Als er auf einem kleinen Hügel ankam, genoß Tolpan entzückt die Aussicht, die sich ihm darbot. Er setzte sich auf einen kalten, aber trockenen Felsvorsprung, wobei er die Spitze seines Hupaks in die weiche Erde trieb. Dann klappte er die Lederröhre an seinem Gürtel auf und zog eine Karte von Abanasinia heraus. Dabei kam auch ein Armband zum Vorschein, das klirrend auf den Felsen fiel und dort in immer enger werdenden Kreisen herumrollte, bis es direkt neben Tolpans Füßen liegenblieb.

»Was ist denn das?« wunderte der sich, doch in dem Moment, wo er es aufhob, erkannte er bereits Flints ungewöhnliches Kupferarmband. »Meine Güte, dieser Flint Feuerschmied paßt aber auch wirklich nicht auf seine Sachen auf.
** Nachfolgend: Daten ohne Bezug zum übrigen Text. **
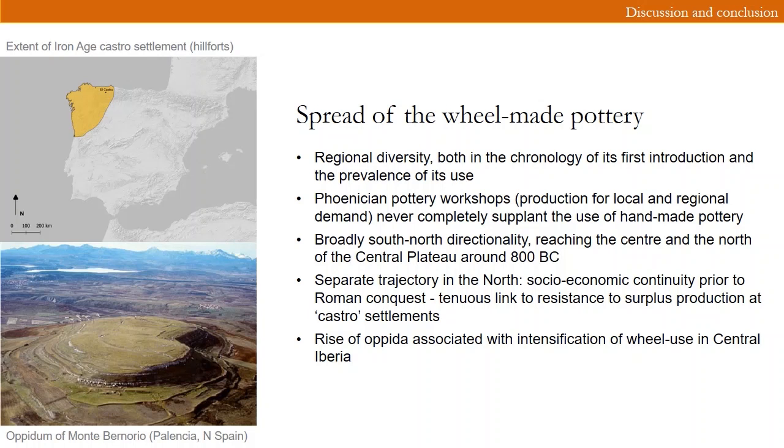Furthermore, the role and popularity of local wine production further contributes to the broader adoption of wheel-made pottery. Wheel-made pottery provides the amphora for the storage and transport of wine as well as in-demand drinking vessels that we see in other parts of the Mediterranean.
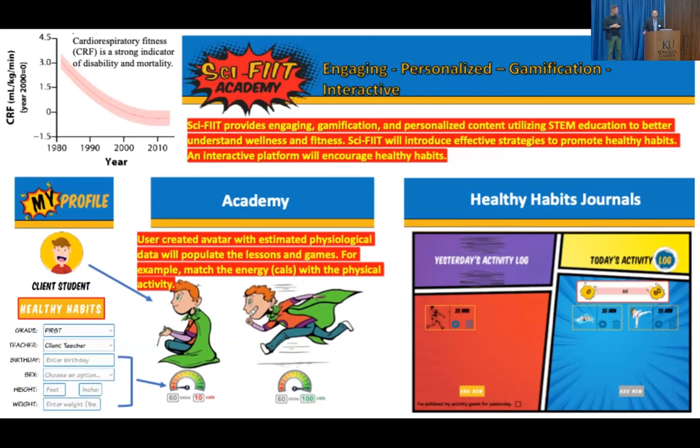So it's engaging. The proof of concept is up and running. It's engaging in the sense that it has a comic book theme, graphic novel style. I want to draw their attention. Their user profile will allow them to create their own avatar. With objectives met on the platform, they'll be able to add on to their avatar. This avatar will populate the lessons, so they will be seeing themselves in these lessons. A huge part of this that a lot of individuals are excited about is that their physiological data will be brought into their lessons.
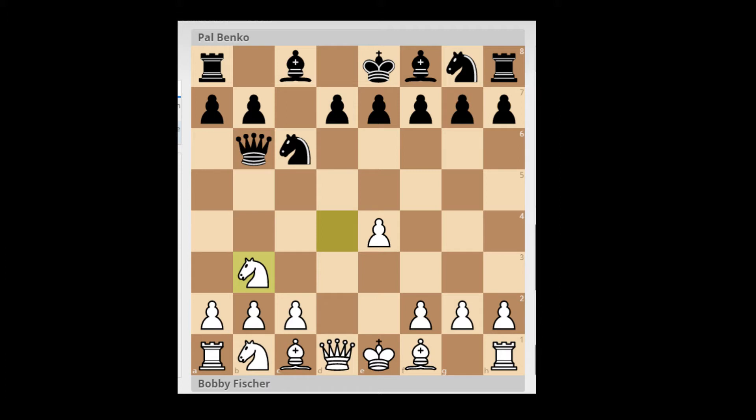White responds with Knight B3. This is the point of the Grivas Sicilian — that black immediately puts pressure on white's centralized knight, forcing him to a less active square. If instead white would play C3 to secure the knight in the center, there are drawbacks because the knight on B1 cannot develop easily to C3. So white plays Knight B3, and black attacks the center pawn with Knight F6. White defends with Knight C3.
Wieso steckt er das denn in meine Kartenröhre?« Nach kurzem Überlegen streifte Tolpan sich das Armband über das Handgelenk. »Das muß ich so schnell wie möglich nach Solace zurückbringen, und daran erinnere ich mich am besten, wenn ich es hier an meinem Handgelenk behalte, wo ich es sehen kann. Flint wird schon außer sich sein vor Kummer. Aber er freut sich bestimmt, wenn er mich wiedersieht!«

Doch zunächst gab es wichtigere Dinge. Ganz Abanasinia war von niedrigen Bergketten mit engen, bewaldeten Tälern durchzogen. Im Westen beherrschten drei Gipfel das Bild der Landschaft: der größte war nur ein paar Meilen von Tolpan entfernt, während die beiden kleineren in einiger Entfernung dahinter lagen. Tolpan war neugierig, ob sie wohl Namen hatten. Der nähere war ein prachtvoller Anblick mit seinen grünen, zerklüfteten Hängen, die zum Gipfel hin immer weißer wurden. Ein paar kleine Wolken hingen um die Spitze herum. Wenn er noch keinen Namen hatte, überlegte Tolpan, dann würde er ihm gerne selbst einen geben.

Tolpan rollte die Karte aus, breitete sie auf seinem Schoß aus und fuhr seinen Weg seit Solace mit dem Finger nach. »Hmm, muß der Betende Gipfel sein«, murmelte er laut vor sich hin. »Was für ein komischer Name. Ich frage mich, was er bedeutet. Bestimmt gehört eine interessante Geschichte dazu.« Mit Enttäuschung registrierte Tolpan, daß die Berge hinter dem Betenden Gipfel den wenig einfallsreichen Namen Doppelspitze trugen.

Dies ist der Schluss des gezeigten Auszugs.